* **About this task**:
Pictures must be left out. Retype exactly the lines from the one containing "House (1 Bedroom) | Interior" through the last line of the records below.
(Beginning of Material for this task)
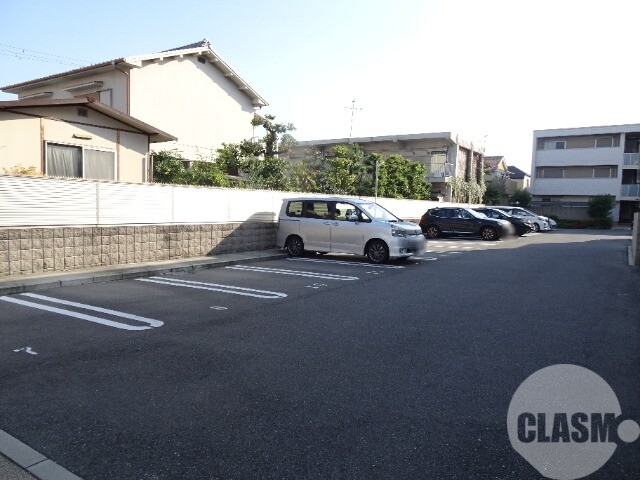 駐車場　敷地内駐車場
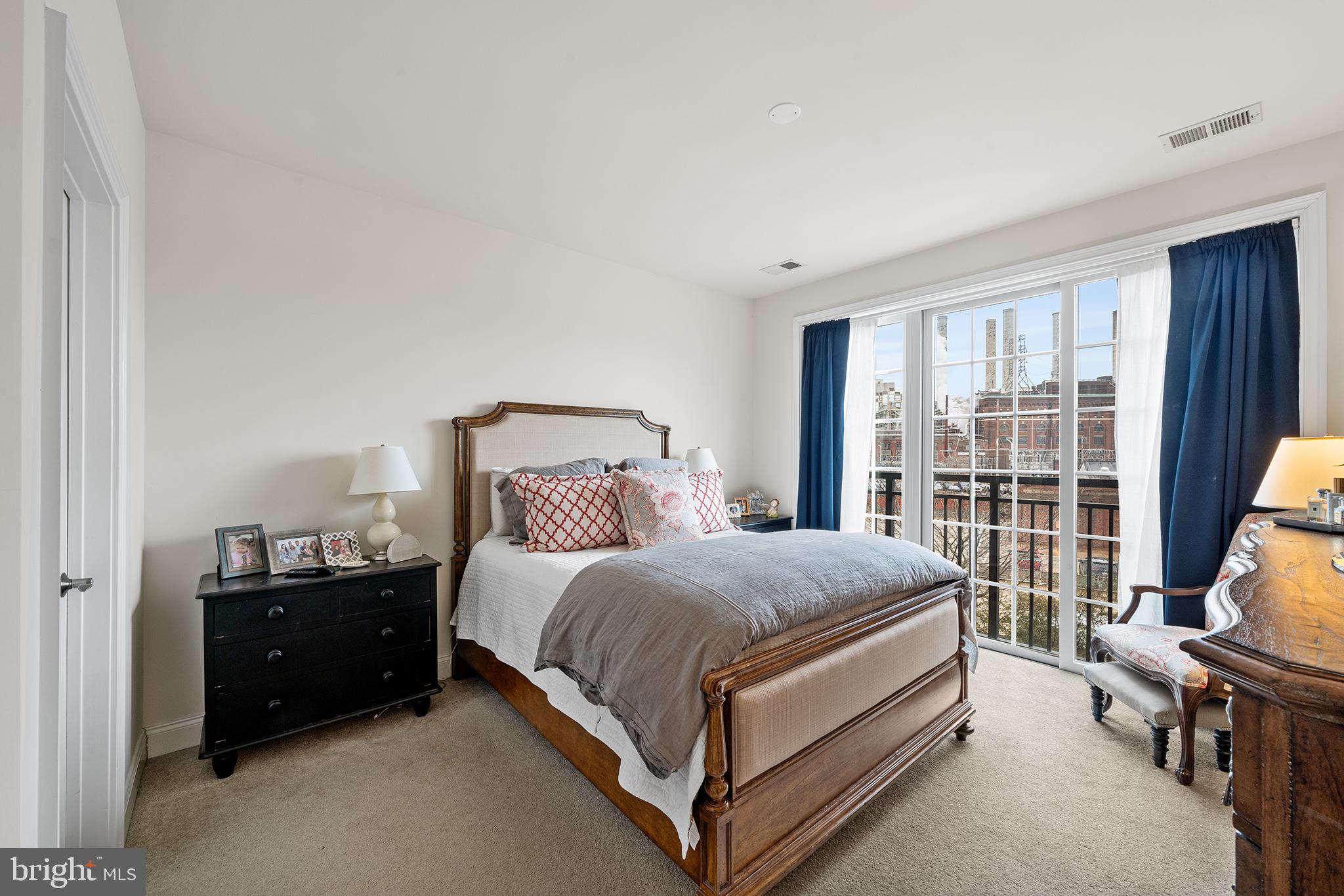 NAVAL SQUARE - Residential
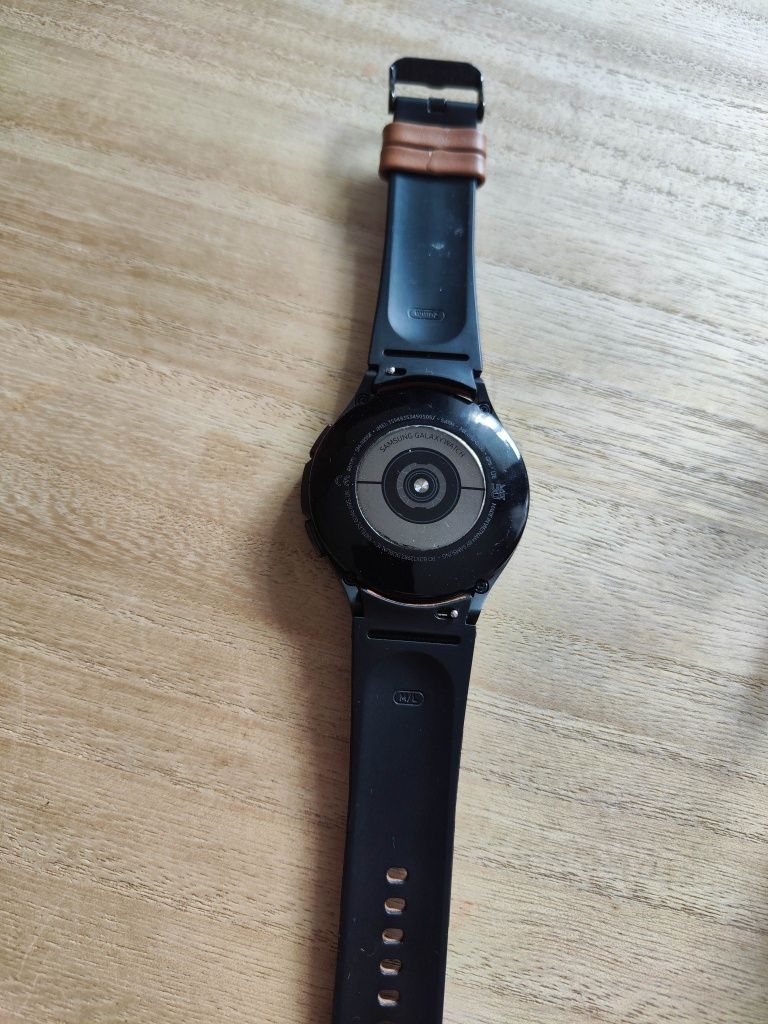 Samsung Galaxy watch 4 46mm e-sim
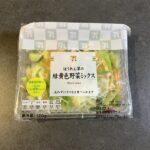 セブンイレブンで購入した「ほうれん草の緑黄色野菜ミックス」を試してみました！ 袋を開けるとレタスやキャベツのシャキシャキ感に加え、きゅうりやにんじん、枝豆、紫玉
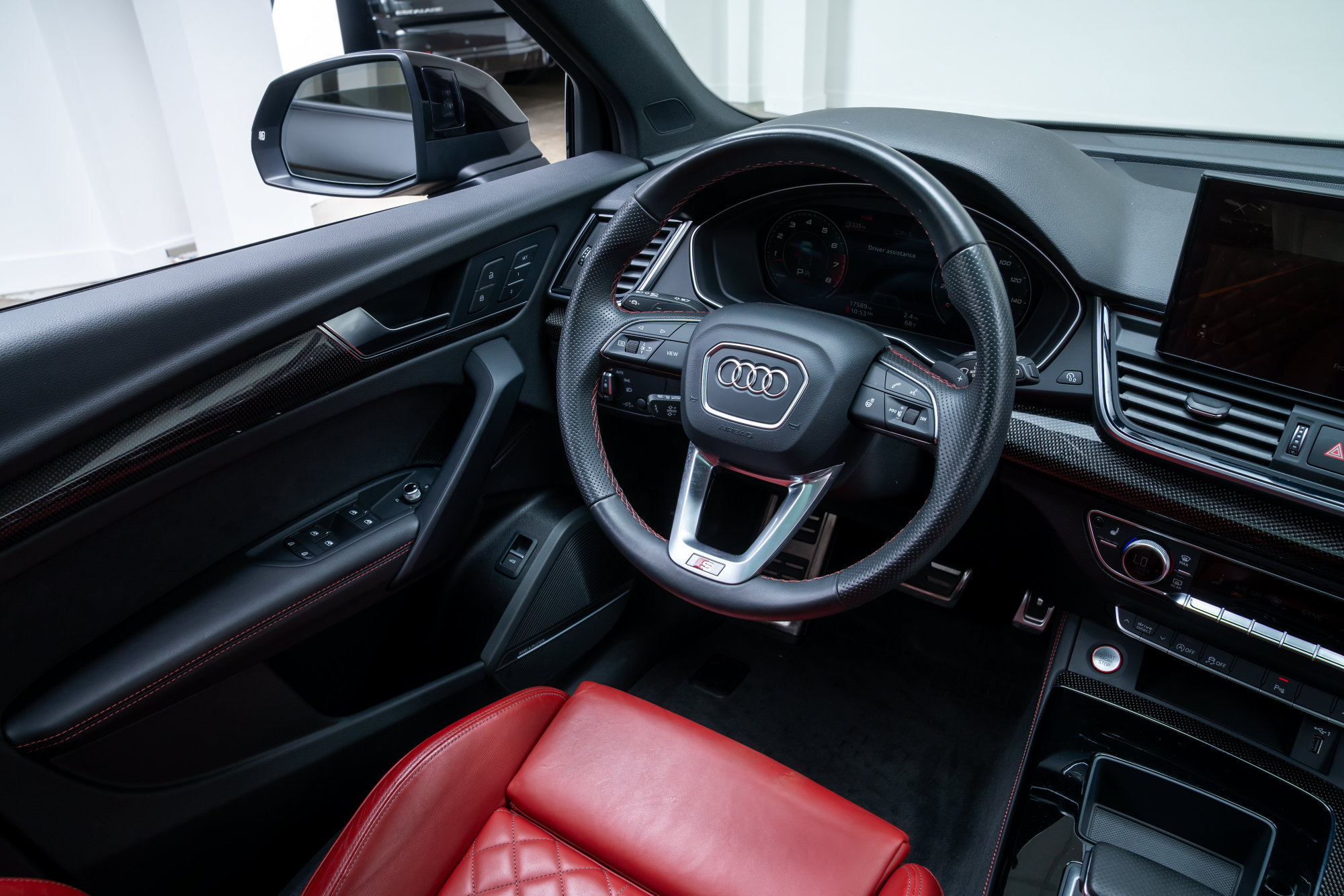 Used 2023 Audi SQ5 Premium Plus w/ Premium Plus Package AWD/4WD image 10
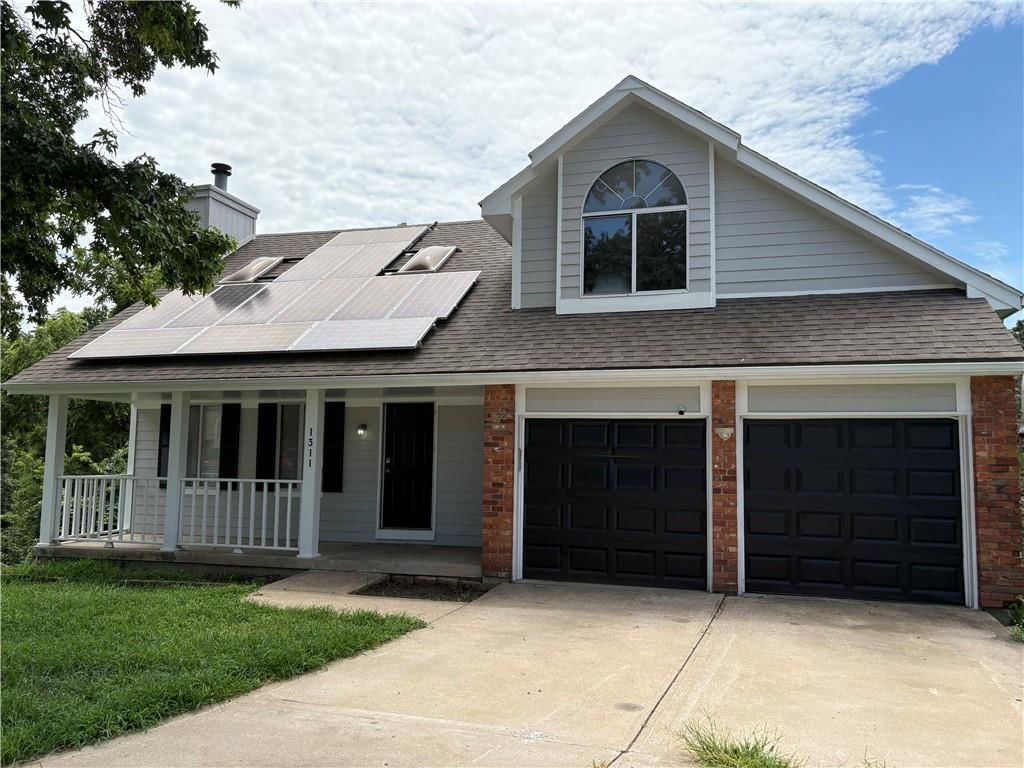 1311 SW 25th Street — photo 3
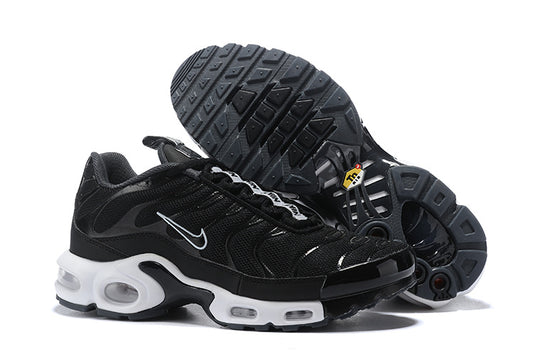 Résultats de l'évolution emblématique de la ligne Nike, les Nike TN Air Max Plus Femme sont un témoignage de l'engagement de Nike à combiner style et innovation.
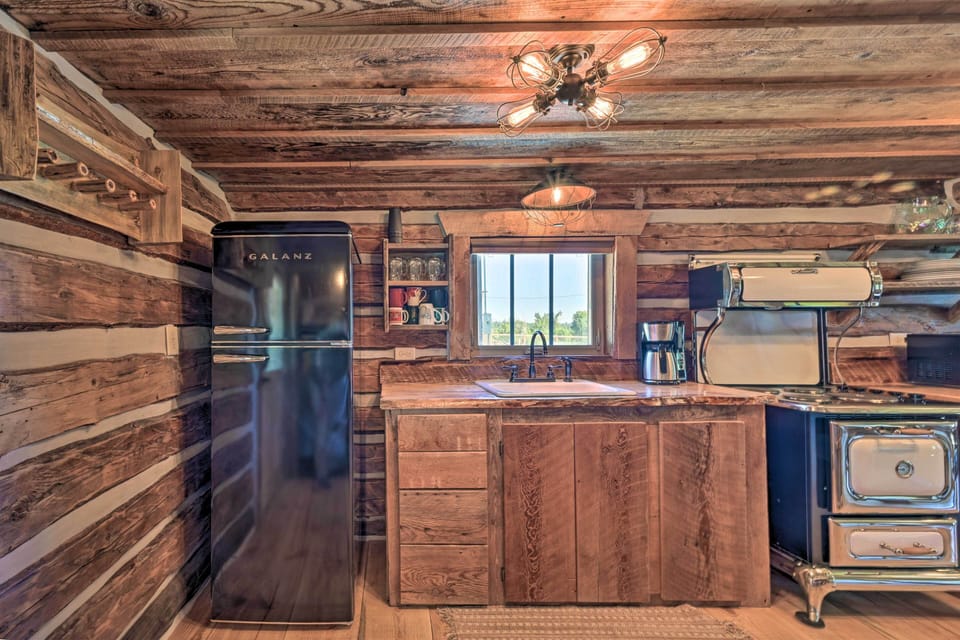 House (1 Bedroom) | Interior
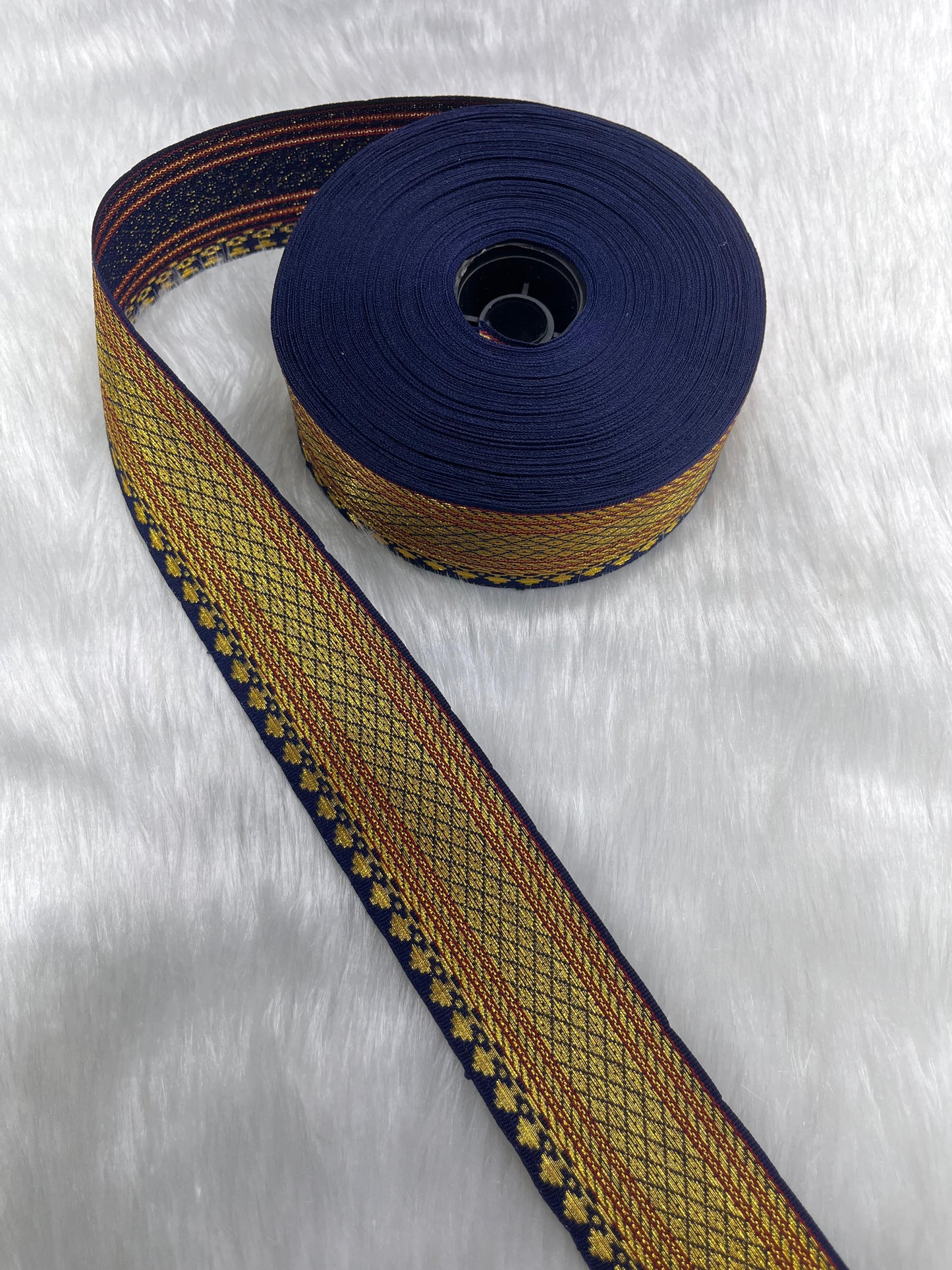 Beautiful Banarasi Border Lace – 9 Meters, 1.5-Inch Width, Handwoven Elegance | Navy Blue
(End of Material for this task)
* **Exercise response**:
 House (1 Bedroom) | Interior
 Beautiful Banarasi Border Lace – 9 Meters, 1.5-Inch Width, Handwoven Elegance | Navy Blue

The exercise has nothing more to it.